Anyways. The two remain mysteries are “Why me?” and one that has already been resolved. When I drop my qualms with the world and self. This omniscient ominous whisper starts up. Trying to sucker me into believing this is something spiritual. I can write that nonsense off in most states of mind. The devil is part of our culture and our culture is part of our subconscious. Which is why I dislike religion. Exposure to these ideas are unavoidable and they are dangerous for SZ folk. If not everyone else in general. That’s whatever though. So it goes.
The first question I mentioned. It’s when it starts to feel real I wonder why me? What did I do?
I was expressing all that to a friend and he came up with a simple statement “For no good reason. For no good reason at all.”
It works. You think these people are trying to destroy you. They aren’t. Definitely not in reality. In reality you have a cognitive dis-junction crap of a mess in your perception. Either way though. Whether you are trying to figure out why they are trying to destroy you or why you have the illness. It’s because of no good reason at all.
It keeps snapping me out my delusional state when it crosses my mind.
@77nick77 I hope you write a book.
In case I forget it, Happy Birthday for Friday. It will be Friday here before it reaches you. I will be going away on Friday.
I hope no one destroys you. You are a very strong person so I am sure you will win. You couldn’t destroy yourself so what chance does anyone else have?

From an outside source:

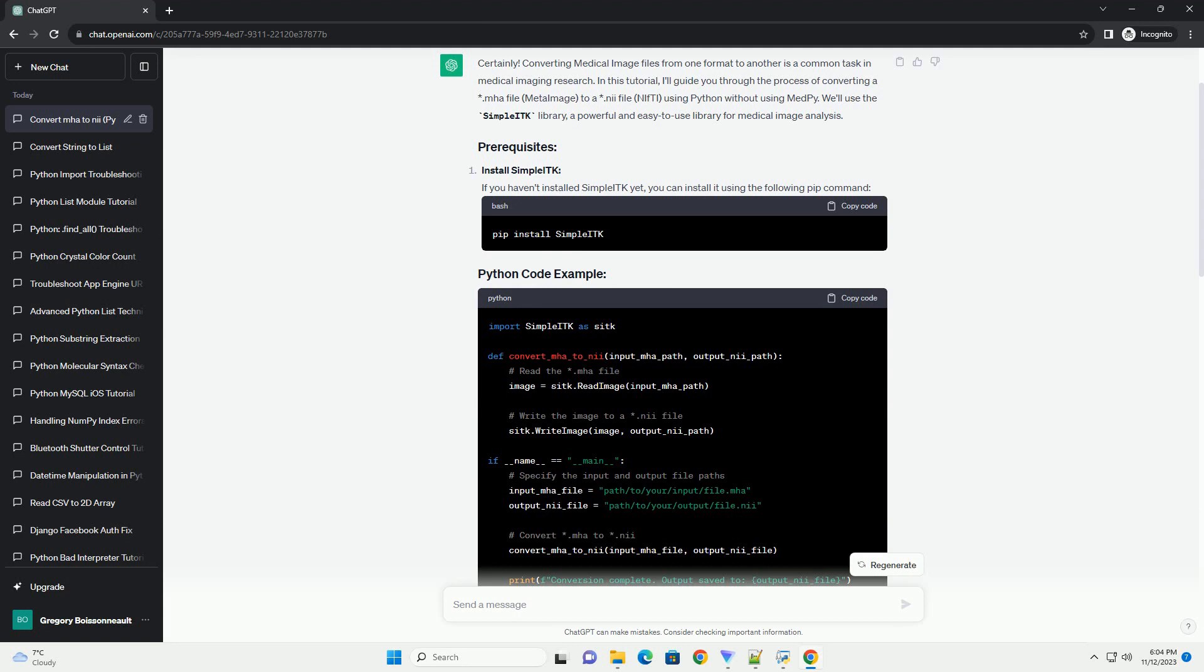If you prefer working with C++, you can use the ITK (Insight Segmentation and Registration Toolkit) library, which SimpleITK is built on.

Thanks turtle, for the birthday wishes and thanks for the comments. It really helps.
Maybe I will some day. Thanks.
In reply to original post:
I can see it now on the sale table 4 or 5 copies of your book scattered through the other yellow-stickered ones. And you, standing behind a column sneaking looks as a beautiful girl sifts through the rows, pausing at your title, turning through the pages, reading , dislodges it and tucks it under her arm to head toward the checkout counter. Yessss. You say in a loud whisper with right thumb up. Coming out of hiding, a little silly, sauntering away - your day has been made -
I guess you’re trying to be nice and funny. I would give free copies to the library.
Hmm? I thought it was a cute and innocent story.

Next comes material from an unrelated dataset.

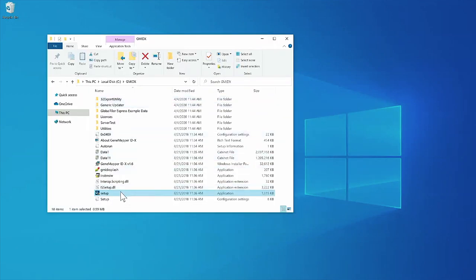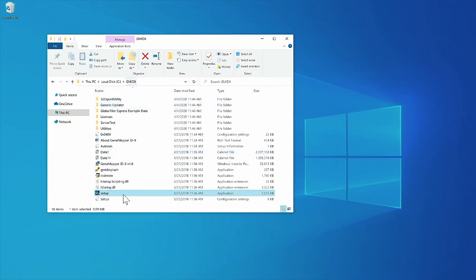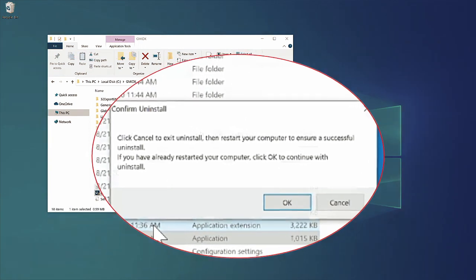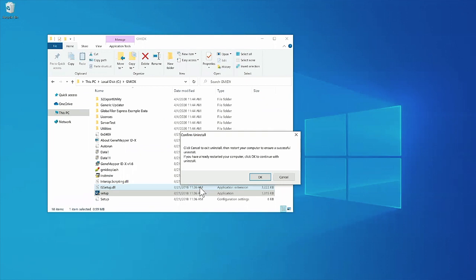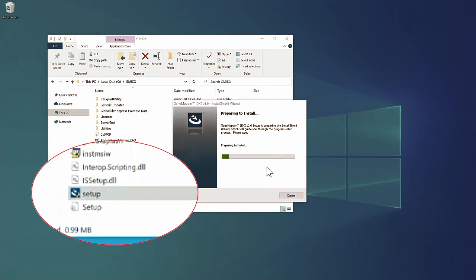To begin the installation process, double click the setup.exe file inside the installation folder. It will begin the InstallShield Wizard, and you might see a pop-up window confirming uninstall of any previous version. If you have already restarted your computer following uninstall of a previous version, or if no previous version was installed, click OK and continue. However, if you have not restarted following a previous uninstallation, hit cancel, uninstall the software, restart the computer, then relaunch setup.exe to continue.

At least I was funny. I thought you might like it. Sorry if I hit a sore spot. I don’t know how good your book would be. It might be a work of semi-genious. I’m just a backward schiz. who can’t even read because of my meds.
The library sounds good, too.
Hey @77nick77 , I would be proud of myself to write a book that made it far enough to be published at all and to end up in a real book store. I have found some finds on those tables.

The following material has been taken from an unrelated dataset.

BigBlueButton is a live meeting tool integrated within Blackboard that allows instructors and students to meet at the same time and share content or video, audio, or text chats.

I thought you were mocking me. You have never done it before so I shouldn’t be so paranoid.
You are a an excellent writer. I really enjoy reading your posts on this forum—your stories about your recovery, insight into living with sz, insight into life in general, helpful advice for forum members, and last (but by no means least) a really great sense of humor.
Thanks a lot Moonbeam. I can never hear that too much.